Jan Bosko urodził się 16 sierpnia 1815 roku w ubogiej wiejskiej rodzinie w Becchi niedaleko Turynu, we włoskim Piemoncie. Jego rodzicami byli Franciszek Bosko i Małgorzata Occhiena, którzy na chrzcie swojemu najmłodszemu synowi dali dwa imiona: Jan Melchior. W rodzinie Bosko było już dwóch starszych synów: Antoni, syn Franciszka Bosko z pierwszego małżeństwa, i Józef, syn Franciszka i Małgorzaty. Kiedy Janek miał dwa lata, umarł ojciec. Wychowaniem dzieci zajęła się wówczas ich mama, Małgorzata.
Z domu rodzinnego Jan wyniósł pobożność i chęć do nauki. Jednak aby móc zdobywać wiedzę, musiał ciężko pracować. Dzięki inteligencji i wytrwałości oraz przy pomocy życzliwych ludzi ukończył szkołę, a następnie w 1835 roku wstąpił do seminarium duchownego w Chieri i sześć lat później otrzymał święcenia kapłańskie. Hasło, które wybrał z okazji święceń: „Da mihi animas cætera tolle” („Daj mi dusze, resztę zabierz”), stało się potem hasłem wszystkich salezjanów.
Po święceniach ks. Bosko poznawał sytuację młodzieży żyjącej w Turynie. Był przerażony tym, co zobaczył. Młodzi włóczyli się po ulicach bez pracy i wykształcenia. Wielu z nich, nie mając za co żyć, schodziło na drogę przestępstwa. Ks. Bosko postanowił stworzyć warunki, które pomogą przygotować chłopców do godnego dorosłego życia.

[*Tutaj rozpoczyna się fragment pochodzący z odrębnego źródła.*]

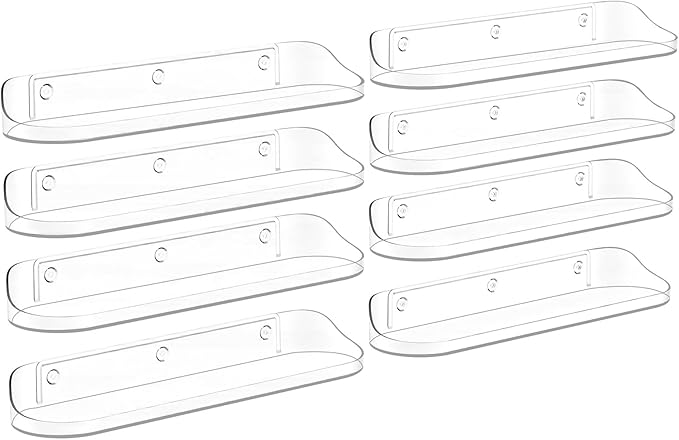 SpaceWhisper Floating Shelves for Wall, 8-Pack 15" Wall Shelves for Bathroom, Bedroom, Kitchen, Living Room, Display Hanging Shelf Organizer for Book, Picture Ledge, Figure Storage, Room Decor (Clear)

W dzielnicy Valdocco założył więc oratorium, miejsce, w którym chłopcy mogli się uczyć pisać i czytać, gdzie mogli coś zjeść i bawić się, gdzie mogli czuć się jak w domu.
Z czasem ks. Bosko dostrzegł, że młodzież potrzebuje miejsca do nauki zawodu. Założył więc pracownię krawiecką i szewską, potem stolarnię, introligatornię, a w końcu bardzo nowoczesną drukarnię.
Ks. Bosko, mając głębokie przeświadczenie, że został posłany przez Boga po to, by prowadzić młodych do świętości, pomagał jej nie tylko w wymiarze materialnym, ale również duchowym. Uczył ich modlitwy i zachęcał do częstego przystępowania do sakramentów spowiedzi i Komunii świętej. Wpajał im zasady postępowania oparte na Bożych przykazaniach i Ewangelii. Ukazywał, że ich powołaniem jest służba Bogu i bliźniemu w społeczeństwie i w Kościele.
Ks. Jan Bosko miał jednak świadomość, że sam niewiele może dokonać. Potrzebował współpracowników, którzy pomogliby mu w pracy z młodzieżą, a po jego śmierci kontynuowaliby rozpoczęte dzieło. Chętnych do współpracy znalazł wśród swoich wychowanków z oratorium. W 1859 roku powołał do życia Towarzystwo św. Franciszka Salezego – nowe zgromadzenie zakonne nazywane potocznie Salezjanami Księdza Bosko.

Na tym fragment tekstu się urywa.